Here's a good start:
Firstly, thanks for the great comments and suggestions. Its always worth it to ask fellow HN-ers about things and get their opinions.
Secondly, I want to clear some misconceptions that seem to have arisen based on how I worded some things. It was suggested that its foolish to think that once one knows Python, they have learnt all languages. I could not agree more. What I meant was that Python is my language of choice to turn a problem into code. I am not naive enough to suggest that I can solve any problem with Python. Regarding my experience, I first started programming in VB (not even VB.NET, that's how far back my experience goes!), and over the years have deployed applications in C, Java, .NET and Clojure in production. I have familiarized myself quite a bit with functional programming languages like Haskell and Ocaml. I have also worked with SQL and no-SQL databases (25 years is a long time!). I am fully aware of the pros and cons of statically-typed systems, so I don't feel the need to learn yet another statically (or for that matter dynamically) typed language.

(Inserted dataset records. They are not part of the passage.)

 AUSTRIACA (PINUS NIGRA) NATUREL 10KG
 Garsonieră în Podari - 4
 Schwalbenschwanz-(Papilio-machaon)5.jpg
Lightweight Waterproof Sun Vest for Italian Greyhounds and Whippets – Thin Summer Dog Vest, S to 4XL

And lastly, based on the wonderful suggestions, I feel like I could narrow down my next learning journey into one (or more) of the following. I am stating these just in case they could be of use to someone in the same boat:
- Networks was suggested (thank you!) which really piqued my interest but I am thinking it might be better to get more specific and be intimately familiar with HTTP spec and best practices in API development. Methods to enable an API for any backend functionality seems to be a good skill to possess.
- Documentation - how to easily enable documentation for functionality, and basic tenets of good software documentation. Learn to introduce practices in the team that foster a culture of documentation.

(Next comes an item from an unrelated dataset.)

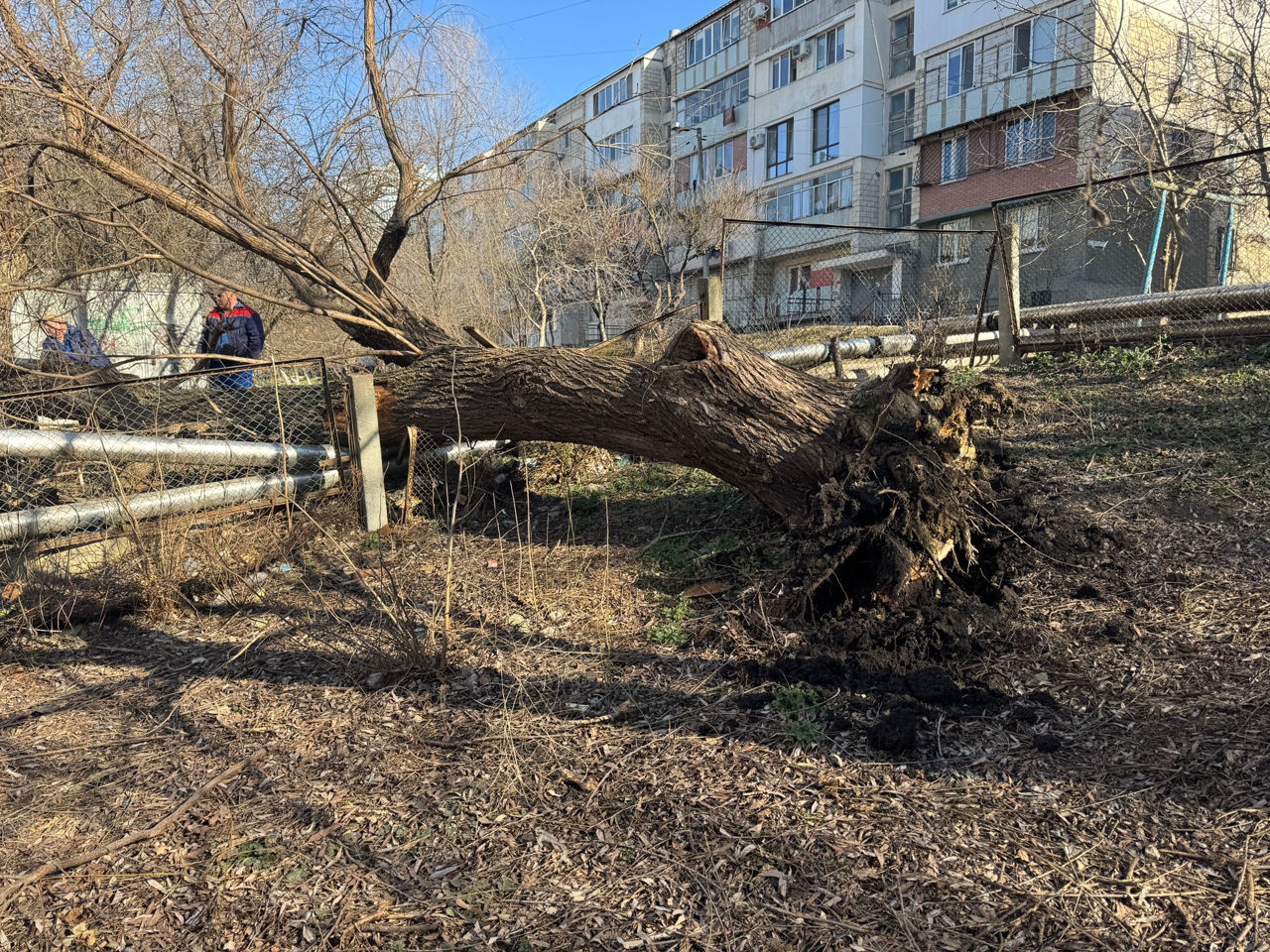 В Кишиневе дерево рухнуло на теплотрассу: лицей и несколько домов остались без тепла.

- ML. I have learnt the very preliminary basics of this (using the seminal course by Andrew Ng!) but what I feel might be useful for me is to be a bridge between ML scientists and data engineering (I am a data engineer currently). Basically something related to ML Ops.
Again, thanks for these amazing suggestions. HN never fails me. I am not very active on HN, but hope to help out in future.
P.S: I will also respond to specific comments/questions to clarify. Seems wrong to leave some comments in the current state! :)
What caught my eye was that you use logic programming. Would you mind sharing what your use case is and how it fits your Python workflow?
This is a weak position in terms of your market value. Obviously python is far from being the best option for many domains outside ML or simple web monoliths. Just like any tech has its applicability areas.
I personally would not consider any developer really “senior” until he got commercial experience with both statically typed and dynamic languages.
It’s not about the typing discipline per se, but rather about whether a developer was exposed to different kinds/levels of challenges (like system programming in java vs building microservices with nodejs).